La présélection permet, par un abonnement auprès d'un opérateur autre que France Télécom, de faire "transporter" tous ses appels longue distance (national et international) par cet opérateur sans pour autant changer la numérotation. Ce qui n'empêche pas que, appel par appel, il y ait la possibilité de passer par un autre opérateur que celui sélectionné en composant, à la place du zéro, son préfixe (à 1 ou 4 chiffres).

Les problèmes rencontrés sont de deux ordres :

  • la présélection n’a pas été mise en place
  • réception d'une facture émanant d’une société auprès de laquelle vous n’aviez effectué qu’une demande de renseignements.

Sur ce dernier point, une action est en cours auprès de l'ART et de la DGCCRF pour faire cesser ces pratiques commerciales.

 

Lettre ouverte à Free


6 avril 2005

FREE
Monsieur Michael BOUKOBZA
8,rue de la Ville l’Evêque
75008 PARIS


Monsieur le Directeur Général,

Il y a quelques semaines l’AFUTT (Association Française des Utilisateurs de Télécom-munications) rendait public son Observatoire des plaintes portant sur l’année 2004.

Ce rapport pointe du doigt les nombreuses et sérieuses difficultés rencontrées par les abonnés aux services d’accès Internet haut débit.

L’analyse des données par fournisseur fait ressortir un niveau anormalement élevé de plaintes de clients Free. Leurs témoignages font apparaître de graves dysfonctionnements, tant techniques que commerciaux, formant des préjudices parfois lourds (longue indisponibilité de la ligne, frais de communications et de correspondances élevés, beaucoup de temps perdu, etc.).
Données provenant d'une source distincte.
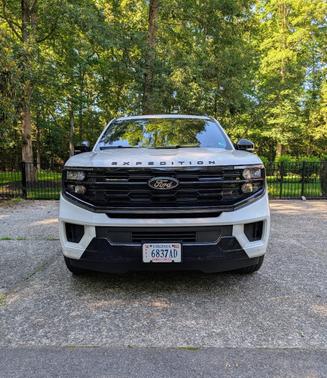 White 2025 Ford Expedition Max Platinum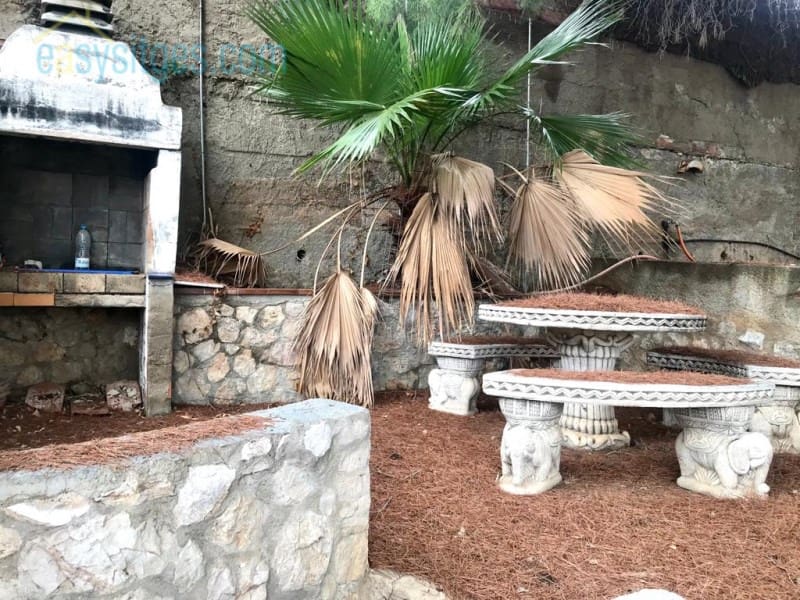 5 soveværelse Villa til salg i Sitges med garage - € 699.000 (Ref: 7835739)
Je ne doute pas que vous soyez vous-même à l’écoute de vos clients et par conséquent vous ne serez pas surpris de retrouver dans notre synthèse la somme des mécontentements, souvent érigés en litiges voire en contestations collectives, qui devrait normalement vous préoccuper autant que nous.

Constatant le flux toujours élevé de plaintes qui nous sont adressées depuis le début de l’année concernant Free, il me paraît indispensable que nous nous rencontrions pour essayer de mieux cerner la nature des problèmes qui se posent et nous assurer que vous mettez tout en œuvre pour corriger cette situation et satisfaire vos clients.

Nous souhaitons avoir plus d’éléments concrets de réponses à donner à nos adhérents et établir si possible avec vos services une procédure de travail formalisée comme cela est déjà le cas avec nombre d’opérateurs et de FAI du marché français.

Sous forme de lettre ouverte, nous publierons cette lettre sur notre site (afutt.org).

Je vous prie de recevoir, Monsieur le Directeur, l’expression de mes salutations les meilleures.

Bernard DUPRE
Délégué Général

 

Lettre ouverte à Noos

30 mars 2005

NOOS
Monsieur Patrick LELEU
20, place des Vins de France
75012 PARIS


Monsieur le Directeur Général,

A la lecture des nouvelles conditions générales de l’offre Internet de NOOS, notre association a noté plusieurs changements contractuels importants et s’apprête à communiquer vers les consommateurs sur les remarques que cela lui inspire.

Vous trouverez ci-joint notre analyse des termes du nouveau contrat et nous vous proposons en retour de nous adresser tout complément d’information, toute précision, que vous jugeriez utiles d’apporter pour nous permettre de donner la meilleure information possible.

Espérant que vous serez sensible à nos interrogations et à notre démarche, je vous prie d’agréer, Monsieur le Directeur Général, l’expression de mes sentiments les meilleurs.


Bernard DUPRE
Délégué Général


PJ : Analyse des termes du nouveau contrat.